His mouth twisted. “You will not like to hear this. Ernalt de Lysle has taken our chamber for his own and installed Marion there as his whore.”
The cold feeling increased. The notion of Ernalt de Lysle and Marion sporting in her marriage bed was so vile that Hawise almost retched.
“I thought about saying nothing,” Brunin admitted. “But if we regain Ludlow, you would see and hear for yourself.”
“I will burn the bed and the sheets and scrub the walls with lye,” she spat vehemently and returned to her pacing, but the room was not large enough to contain her turmoil. She felt as if she had been violated and was certain what she would do to Marion if she ever came within strangling range.
Brunin set the hauberk aside, wiped his hands on a linen rag, and halted her wild stride by taking her in his arms. She gripped his sleeves, digging in her fingers as if seeking a handhold on reason.
“God help me, I want to see both of them dead!” She pressed her forehead against his breast, tears spilling. “How can it have come to this?”
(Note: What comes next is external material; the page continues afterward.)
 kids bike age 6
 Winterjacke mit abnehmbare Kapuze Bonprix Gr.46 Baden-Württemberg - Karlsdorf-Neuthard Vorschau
She felt his palms against her spine, firm, strong, steadying. “When I first came to Ludlow, Marion greeted me as if I were a prince, not some dubious changeling with a common mercenary for a grandsire. To have that sort of adoration was balm on the raw places…” He shook his head. “And now new places are raw.”
Hawise lifted her head from his breast and saw the revulsion, anger, and sadness in his face. If only for a moment, and with her, the neutrality was gone, and she was glad of it, for it made her feel less unworthy.
“Why did she do it?” she asked. “How could she?”
“For love,” he said. “Or for love denied.”
“Love!”
“You saw how she sought it: like a drunkard craving wine.” There was an odd note to his voice. “I know because it could have been me.”
Hawise’s throat tightened. “That’s not true.”
“I held back; she ran forward. That’s the only difference. Pretending you don’t need, or admitting you do: which is the more honest?”
She frowned. “But if I were your father’s enemy and I asked you to put a ladder over the castle wall in the dead of night, would you do it?”
“No, I wouldn’t.”
“Not even for love?”
“No, because duty and loyalty would hold me in check. Marion has a conflict of duty with your family. She thinks that they have abandoned her…that they do not love her as Ernalt de Lysle loves her.”
“And for certain he does not!” Hawise said abruptly. “He loves himself and the notion of glory and—”
“You do not need to tell me about the true nature of Ernalt de Lysle,” Brunin growled. “But he has the gilded charm to make women fall for him, and a plausible tongue.”
Hawise blushed and dropped her eyelids. That was all too true. There but for the grace of God…
“Marion was ripe to fall into his hand.” A look of reluctant compassion crossed Brunin’s face. “Despite what she has done, I cannot help but pity her.”
“We should have watched her more closely,” Hawise said, not certain that she could find pity in her own heart at the moment.
“Hindsight is a hard taskmaster. None of us realized how desperate she was.”
“What will happen to her when we retake Ludlow?”
Brunin pulled her closely against his body. “That will be for your father to say, and I am glad I am not him.” He brushed a loose strand of hair away from her face and his expression was bleak. “Whatever he decides, he will still be more merciful to her than Ernalt de Lysle.”